The transformation took shape as Las Colinas. Beginning in 1973, the rancher and developer Ben Carpenter laid out a master-planned city-within-the-city on old family ranch land: office towers and hotels, a man-made lake, and the Mandalay Canal, a Venetian-style waterway where water taxis still slide past the shops. At its heart he set Williams Square, a stark plaza of pink granite — and into that plaza came the mustangs. In a single generation Irving had gone from cotton rows to one of the most recognizable corporate skylines in Texas. Carpenter wanted a touch of Europe on the Texas prairie, and the result still surprises first-time visitors who half expect oil derricks and instead find canal boats.

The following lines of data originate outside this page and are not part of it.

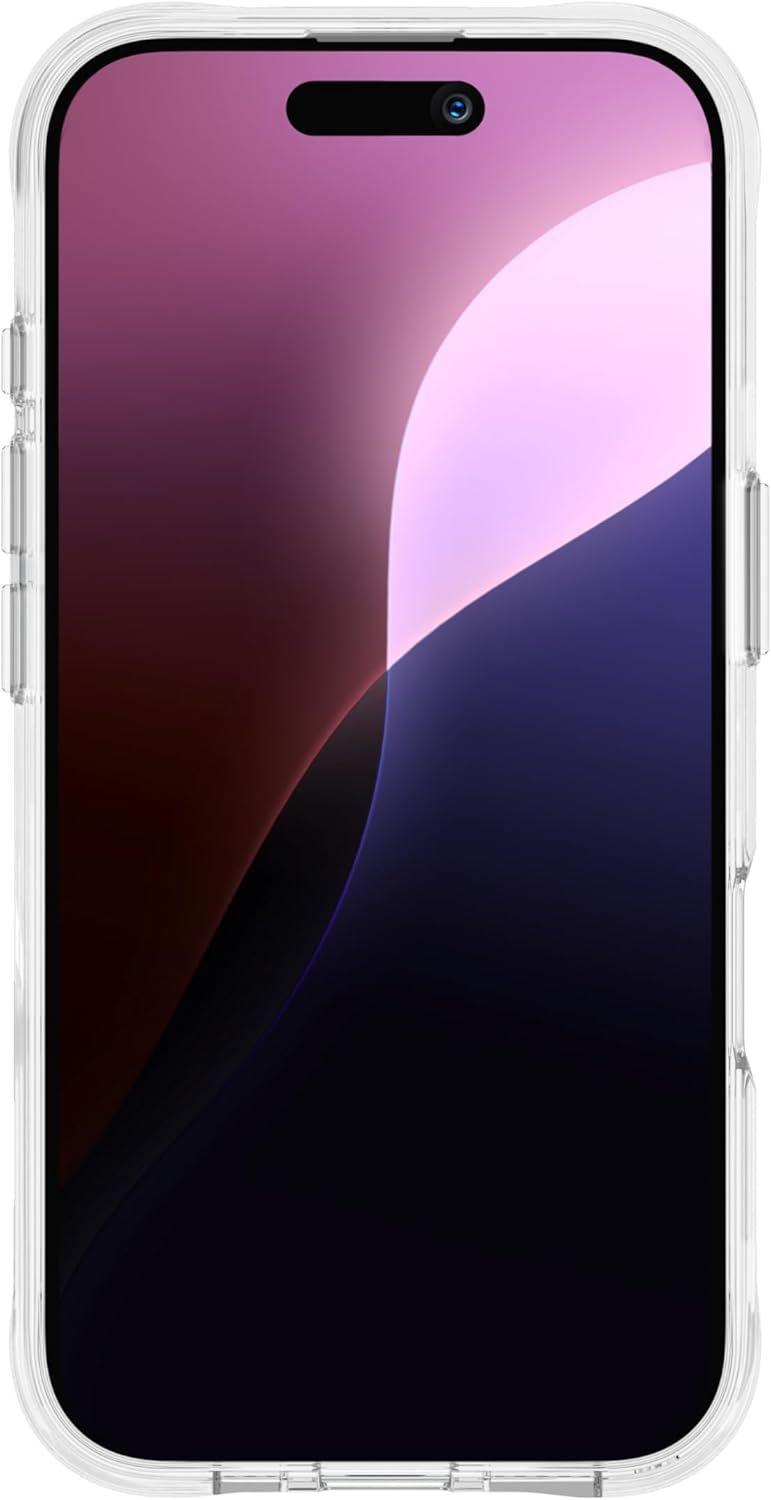 Renoverad Case-Mate Tough Clear Phone Case for iPhone 16 - Reebelo Sverige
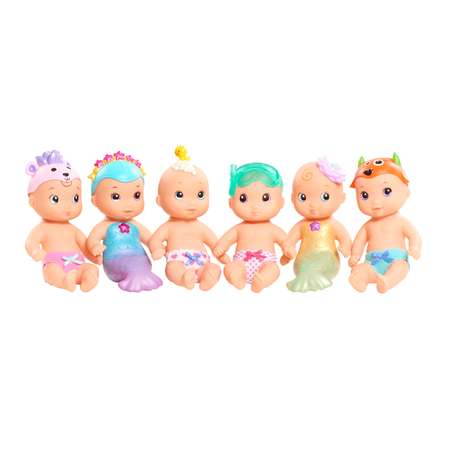 Кукла пупс Waterbabies в ассортименте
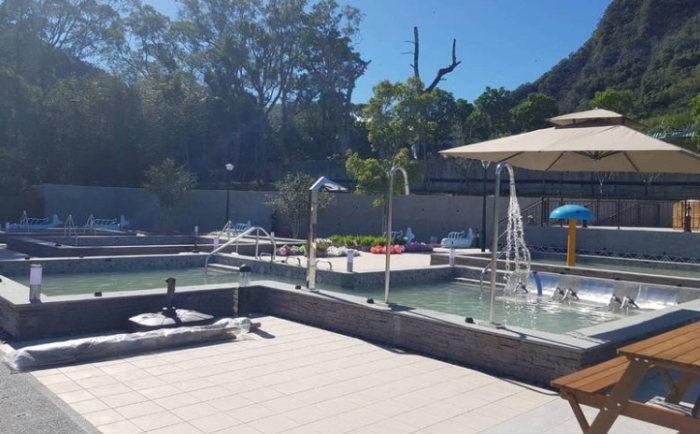 桃園泡湯好去處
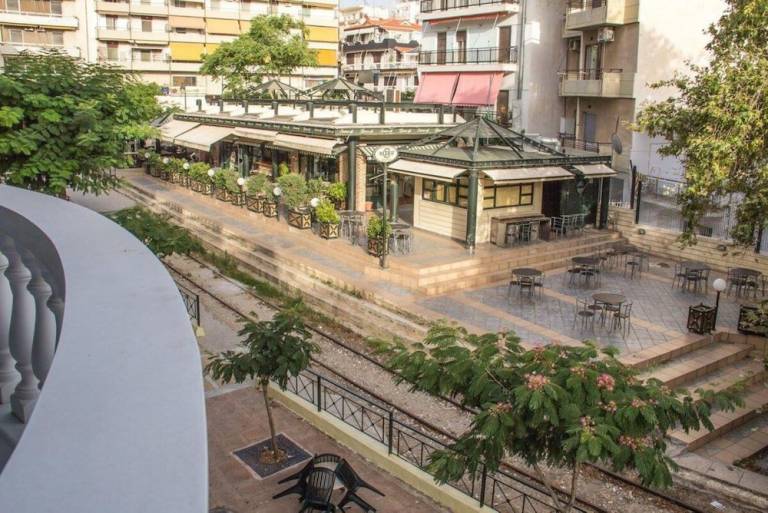 Apartament Lutraki
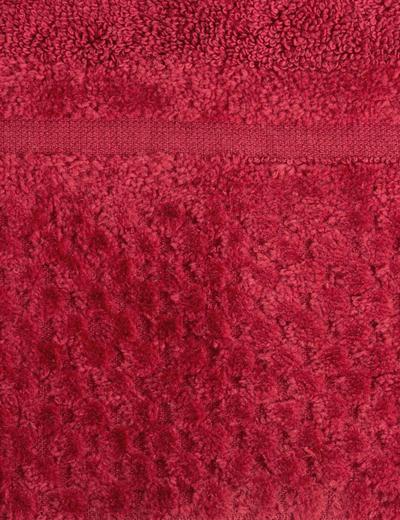 Ręcznik Ibiza 50 x 90 cm - czerwony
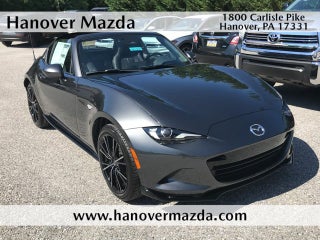 2026 Mazda Mazda MX-5 Miata RF Grand Touring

What Las Colinas chose to put at its center says everything about how Texas sees itself. Not a founder, not a logo — a herd of wild horses. The mustangs commemorate the free-running herds that roamed the Texas range before the ranches and the rails, the animals that carried the state's idea of freedom and grit. Today they are the city's signature, watched over by a small museum in the tower beside the plaza, and the reason a planned business district carries a wild heart. The sculpture took its maker eight years to model and cast, and the plaza around it earned a national landscape-architecture honor award soon after it opened.
Why People Visit Irving
Irving offers art, water, and wild bronze horses in the middle of the Metroplex. Visitors come for the Mustangs, the canals, and the music, and stay for a central, easygoing base beside DFW with museums, sculpture plazas, and trails close at hand. It is both a cultural stop and a convenient home base, with year-round appeal in its parks, paths, and public spaces.